- [TASK GOAL]:
Taking the data below, please print only the lines from the line holding "2 Stuks Short" to the line holding "Silhouettes of multiple", inclusive, with pictures omitted.

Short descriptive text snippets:

========================================================================

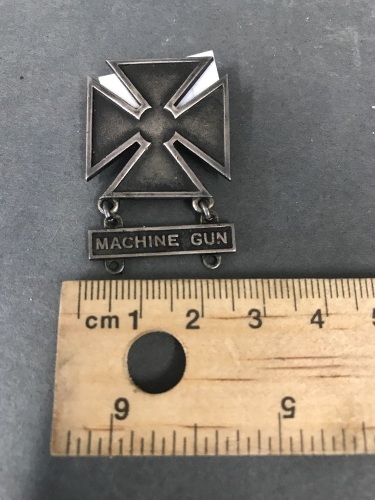 WWII US Army Medal with Machine Gunner Hanging Addition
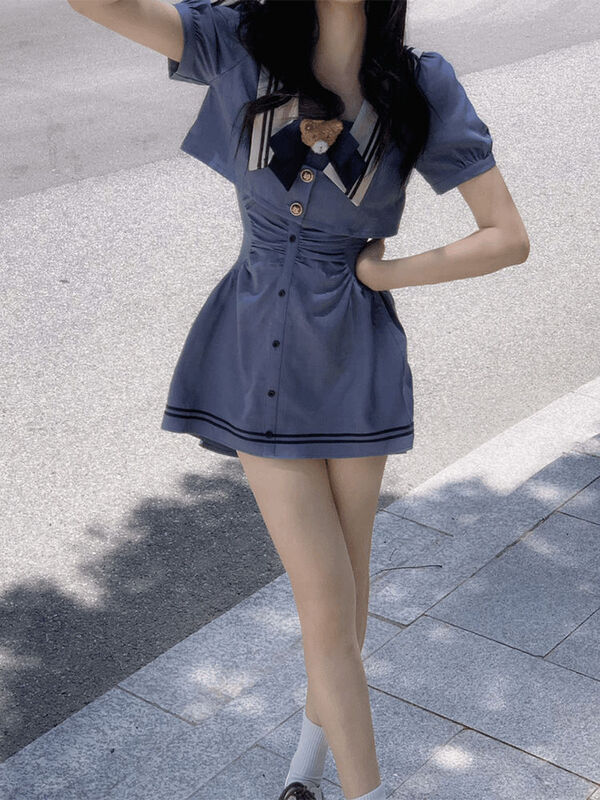 Japan JK Women Trendy Preppy Style Bow Sweet Chic Short Sleeve Dresses Summer Vintage Square Neck Button Slim Midi Dress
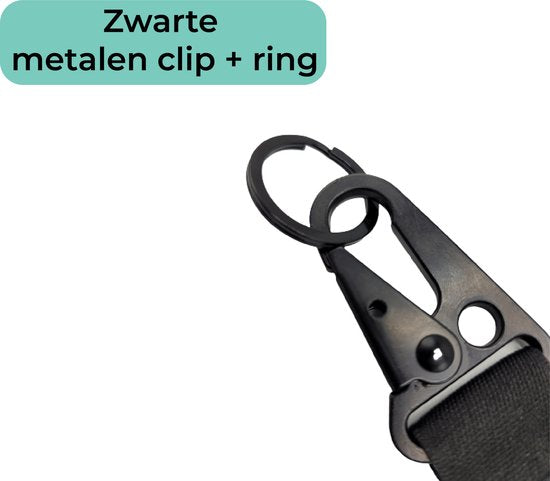 2 Stuks Short Keycord met Metalen Clip - Sleutelhanger - Lanyard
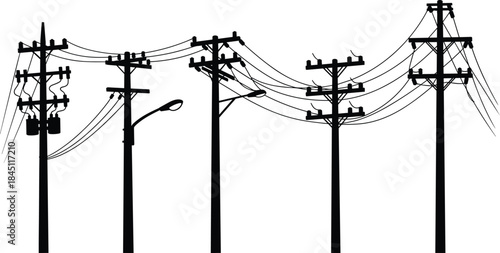 Silhouettes of multiple utility poles with wires and a street lamp on white background electricity power line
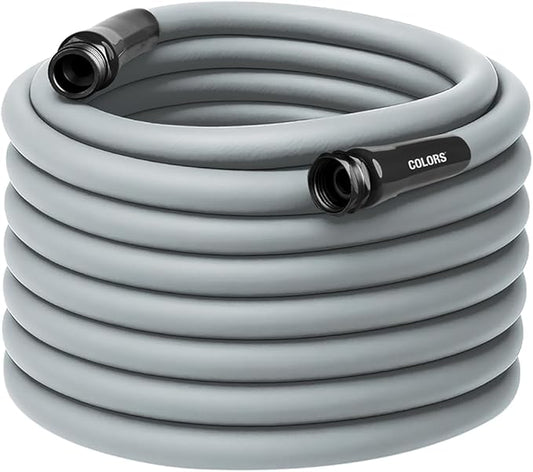 Flexzilla Colors Garden Hose 5/8 in. x 100 ft., Lightweight All-Weather Water Hose, Durable and Flexible, Leak-Free Connections, Slate Gray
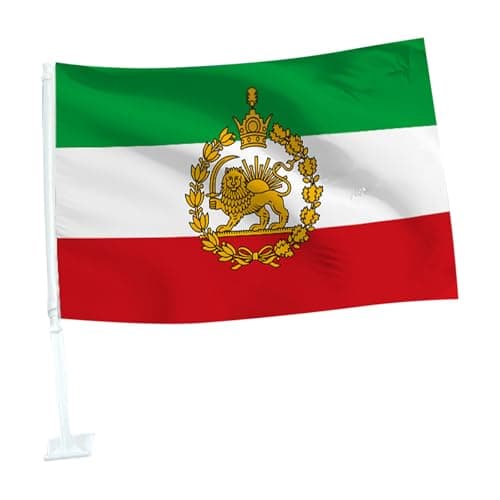 Small Iran Car Flags Banner Iranian Car Window Flags Small Former Lion Sun Banner Persia Historic Iranian Flag Car Flag for Sedan Truck RV Commuting Travel Adventure (a3-A+B,One Size)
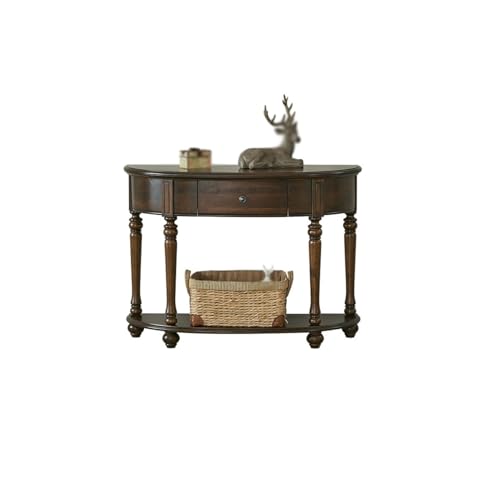 GKOKG Coffee Tables Home Porch Cabinet Semi-Circular Wooden Living Room Sofa Side Table Furniture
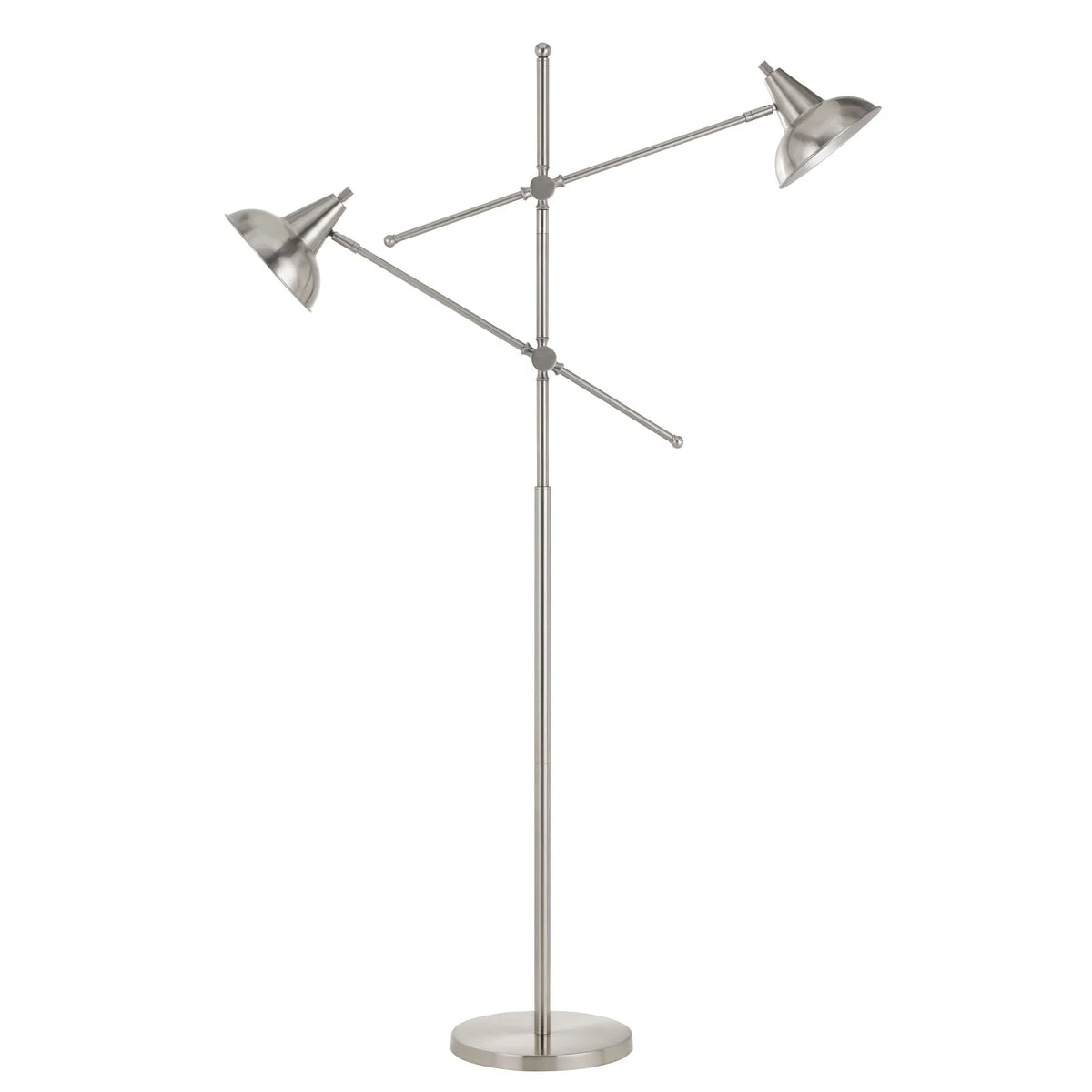 Benzara Tubular Metal Body Floor Lamp with 2 Adjustable Arms, Silver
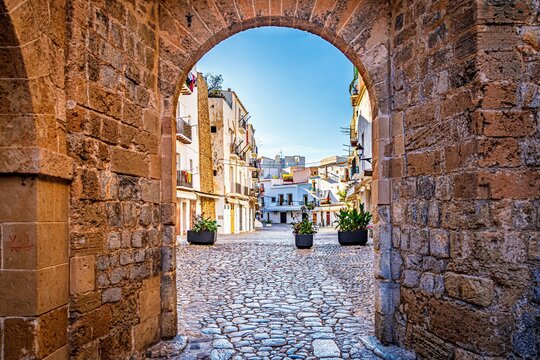 Narrow Street In Old Town, Ibiza, Spain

========================================================================

- [TASK SOLUTION]:
 2 Stuks Short Keycord met Metalen Clip - Sleutelhanger - Lanyard
 Silhouettes of multiple utility poles with wires and a street lamp on white background electricity power line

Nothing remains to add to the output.